Missouri's New Preneed Deposit Requirement

Governor Nixon signed Senate Bill No. 1 on July 16th, giving Missouri preneed sellers six weeks to prepare for Chapter 436’s new requirements. For trust-funded contracts, one of those requirements will be the deposit of all preneed payments to trust. Section 436.430.2 provides in part:

A seller must deposit all payments received on a preneed contract into the designated preneed trust within sixty days of receipt of the funds by the seller, the preneed sales agent or designee.

Under the current law, sellers could retain the first 20% of the purchaser’s payments before making a deposit to the trust. While the new law will permit the seller to recover an origination fee of 5% and another 10%, the seller must make a request from the trustee to receive such amounts. The purpose of this requirement is to establish an audit trail of all consumer payments. As reported recently by an Ohio newspaper, Missouri is not alone in its efforts to make operators more accountable.
 

Provisional licenses: Missouri's August 28th deadline

The New York Department of Motor Vehicles warns its citizens to plan ahead when it comes to obtaining or renewing their driver’s license. The busiest days of the month are the first and last days of the month. The first day of the month is busy from those who want to beat the rush or who just realized their license expired during the prior month. Then there are the procrastinators who put off the renewal until the very last day.

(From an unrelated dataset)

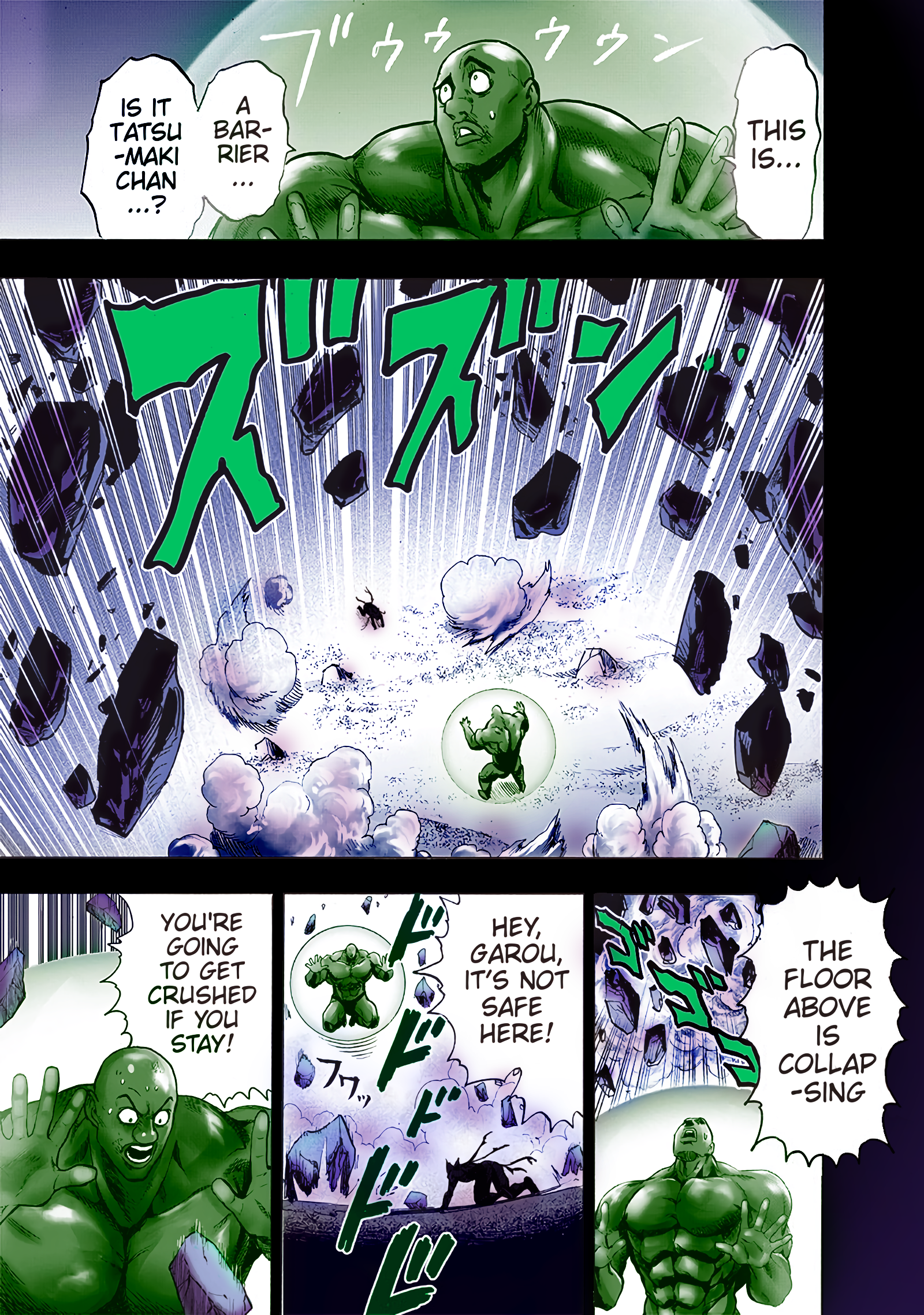 Page 60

The New York DMV also warns its licensed drivers to reconsider any plan of completing the renewal process over their lunch hour. The message to drivers (and hopeful 16 year-olds) is to plan ahead because the process will take as long as required to ensure the license is properly issued. It is easier for a licensing authority to say ‘no’ than it is to take the license away once it has been issued.

Missouri funeral homes will face a licensing bottleneck of their own when Senate Bill No. 1 becomes effective August 28th. For the first time, the State Board of Embalmers and Funeral Directors will be licensing hundreds of preneed sellers and providers.

Although Missouri funeral homes may be registered as preneed sellers or providers, the ground rules have changed drastically under Senate Bill No.1. Accordingly, an early decision the State Board will have to make under the new law will regard how to screen seller and provider license applications.

To avoid disruptions to operators’ preneed programs, the State Board may need to consider issuing provisional licenses that assure compliance with the fundamental requirements of Senate Bill No. 1.